As a reward for this tortuous, but successful policy, the Dowager arranged the marriage between Jung Lu’s daughter and Prince Chun’s son, and it was they who became the parents of Henry Pu Yi.

The ultimate reasons for the selection of Henry Pu Yi by the Empress Dowager to rule China as the tenth Emperor of the Ch’ing House are derived from this affair and from the fact that her previous choice, Prince Tuan’s son, became unacceptable as a result of the father’s involvement with the Boxers and commitment to the policy of exterminating all foreigners living in China. In addition, she felt that Pu Yi’s father, who was named Prince Regent until Pu Yi should become of age, was docile. And since she did not really expect to die she could thus continue to rule through him.

The Empress Dowager also seems to have felt that of all the princes of the blood royal Pu Yi’s father was the best suited to deal with the growing threats to the throne within the country. For at the time of Tzu Hsi’s and her nephew’s death in 1908, Yuan Shih-kai was head of the Army and the Dowager Empress was most certainly aware of his questionable loyalty. It was common knowledge within the Forbidden City that Yuan Shih-kai’s candidate for the throne, if not himself, was a Prince Ching, an ambitious Manchu who had started life as a low-ranking noble and had become a prince of the first rank and Grand Councillor. The Army connections of these two plotters, who were so well known and liked by the foreign diplomats in Peking, were a source of anxiety to the royal family. It was thought desirable to check them with another prince who was also held in esteem by foreigners. After all, it was not Yuan Shih-kai or Prince Ching but Pu Yi’s father who had actually gone abroad and been graciously received by the Kaiser to whom he apologized for the murder of the German minister during the Boxer uprising. And although Tzu Hsi’s interest in the West was severely limited, she was impressed by the Kaiser’s statement---as it had been reported back to her—that the success of his own house was based on the continuing control of the Army by the royal family.

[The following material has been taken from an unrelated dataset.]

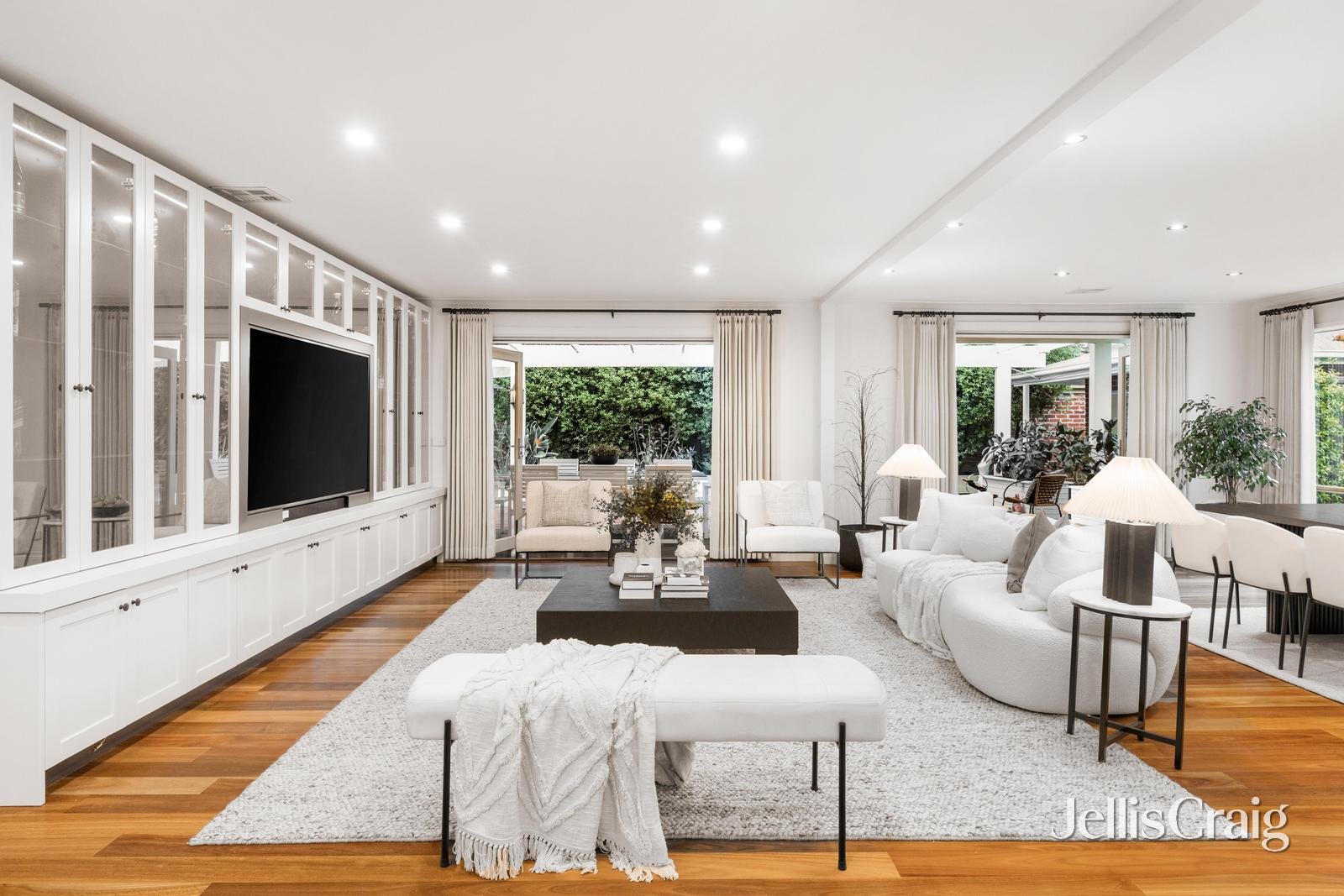 6 Fernhill Street, Glen Waverley image 7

Thus, at the end, Tzu Hsi made her only dynastic gesture to what she supposed was the modernity of the West. By selecting the infant Pu Yi as Emperor she turned over power to the one member of the ruling family—Henry Pu Yi’s father, the Prince Regent—who had actually met a real Western European potentate whose family had successfully coped with problems of army loyalties. And how was Tzu Hsi to know, surrounded as she was by the crenellated yellow tiled walls of the Forbidden City and waited upon by 3,000 eunuchs, that this model of Western dynastic skill and enlightenment sat on a throne that was only slightly more stable than her own? And how was she to understand that the Kaiser’s own character and passions were as complex and distorted by family pride and jealousies as her own?

No sooner were Tzu Hsi and her nephew dead and Pu Yi on the throne, than many of the disruptive forces that she had so successfully suppressed for so long came to a head. Yuan Shih-kai, as commander of the Peiyang Army, the only modernized fighting force in North China, emerged as one of the most powerful men in the country. Pu Yi’s father, aware of Yuan’s questionable loyalty and remembering the Kaiser’s advice about control of the Army, ordered him into retirement to “recuperate from a leg ailment.” He then placed a Manchu prince in charge of the Palace Guard, founded a special army under the control of the royal family and put other Manchu relatives in charge of the Navy and General Staff.

But these reforms came too late to cope with Yuan’s plots. The new commanders were unable to suppress a revolt that broke out in Wuchang in 1911 and the Prince Regent was forced to recall Yuan Shih-kai to resume command of the Peiyang Army whose officers would not fight without him as commander in chief. Yuan thus became the arbiter between the Manchu Government in the North and the revolutionaries who were ultimately led by Sun Yat-sen in the South.

On February 12, 1912, under Yuan’s pressure, Pu Yi abdicated, although he continued to live the life of an emperor within the Forbidden City in accordance with agreements between the Ch’ing House and the new republican government. Yuan, meanwhile, was elected President of China and later became its personal dictator recognized by the foreign powers and supported by foreign loans.